By measuring the electrical signal in the receiving cells, the researchers found that the strength of the signal was doubled in the mice that lacked the protein.
The cerebellum’s role
The cerebellum is indispensable for movement and learning motor skills such as how to ride a bicycle. Some of the recognizable symptoms of autism—such as motor incoordination and a tendency to walk tippy-toed—involve control of movement.
The animals missing the RNF8 gene in the neurons of their cerebellum did not have any obvious problems with movement: They walked normally and appeared coordinated. When the researchers tested their ability to learn motor skills, however, the mice without RNF8 failed miserably.
The researchers trained the mice to associate a quick puff of air to the eye with the blinking of a light. Most mice learn to shut their eyes when they see the light blink, to avoid the irritation of the coming air puff. After a week of training, mice with a functioning copy of the gene closed their eyes in anticipation more than three quarters of the time, while mice without the gene shut their eyes just a third of the time.
While it is best known for its role in movement, the cerebellum is also important in higher cognitive functions such as language and attention, both of which are affected in autism. People with autism often have language delays and pay unusually intense attention to objects or topics that interest them. The cerebellum may be involved not only in motor learning but in other features of autism as well, the researchers say.

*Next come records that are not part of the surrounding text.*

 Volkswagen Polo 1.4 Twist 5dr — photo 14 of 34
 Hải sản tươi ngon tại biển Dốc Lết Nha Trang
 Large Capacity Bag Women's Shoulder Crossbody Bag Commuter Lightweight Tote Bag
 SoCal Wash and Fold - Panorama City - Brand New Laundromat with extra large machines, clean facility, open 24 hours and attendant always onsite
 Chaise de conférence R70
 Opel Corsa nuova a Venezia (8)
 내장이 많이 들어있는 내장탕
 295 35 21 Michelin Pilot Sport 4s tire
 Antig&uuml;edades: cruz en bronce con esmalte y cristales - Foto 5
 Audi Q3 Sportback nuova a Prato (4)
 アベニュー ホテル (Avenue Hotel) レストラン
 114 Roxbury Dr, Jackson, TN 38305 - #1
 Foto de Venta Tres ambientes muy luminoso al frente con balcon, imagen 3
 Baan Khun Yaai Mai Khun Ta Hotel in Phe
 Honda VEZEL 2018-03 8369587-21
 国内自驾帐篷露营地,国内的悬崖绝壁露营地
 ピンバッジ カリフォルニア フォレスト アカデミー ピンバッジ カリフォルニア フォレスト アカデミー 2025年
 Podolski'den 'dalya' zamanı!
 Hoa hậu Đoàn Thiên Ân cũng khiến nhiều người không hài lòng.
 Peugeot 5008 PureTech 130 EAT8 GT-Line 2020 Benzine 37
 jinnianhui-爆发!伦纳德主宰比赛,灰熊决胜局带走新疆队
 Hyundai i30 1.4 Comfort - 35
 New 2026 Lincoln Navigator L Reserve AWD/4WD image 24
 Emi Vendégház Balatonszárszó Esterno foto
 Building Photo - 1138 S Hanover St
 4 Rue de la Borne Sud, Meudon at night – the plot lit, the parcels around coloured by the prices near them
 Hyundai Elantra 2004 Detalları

Of course, there is a world of difference between a mouse that can’t learn to shut its eyes and a person with autism who struggles to communicate. But the researchers say the findings suggest that changing how many connections neurons make with each other can have important implications for behavior.
Since this paper was written, Bonni and colleagues have tested the other autism-associated ubiquitin genes. Inhibition of all genes tested cause an increase in the number of synapses in the cerebellum.
“It’s possible that excessive connections between neurons contribute to autism,” Bonni says. “More work needs to be done to verify this hypothesis in people, but if that turns out to be true, then you can start looking at ways of controlling the number of synapses. It could potentially benefit not just people who have these rare mutations in ubiquitin genes but other patients with autism.”
The researchers report their findings in the journal Nature Communications.
A National Institutes of Health (NIH) grant, the Mathers Foundation, and a European Molecular Biology Organization grant supported this study.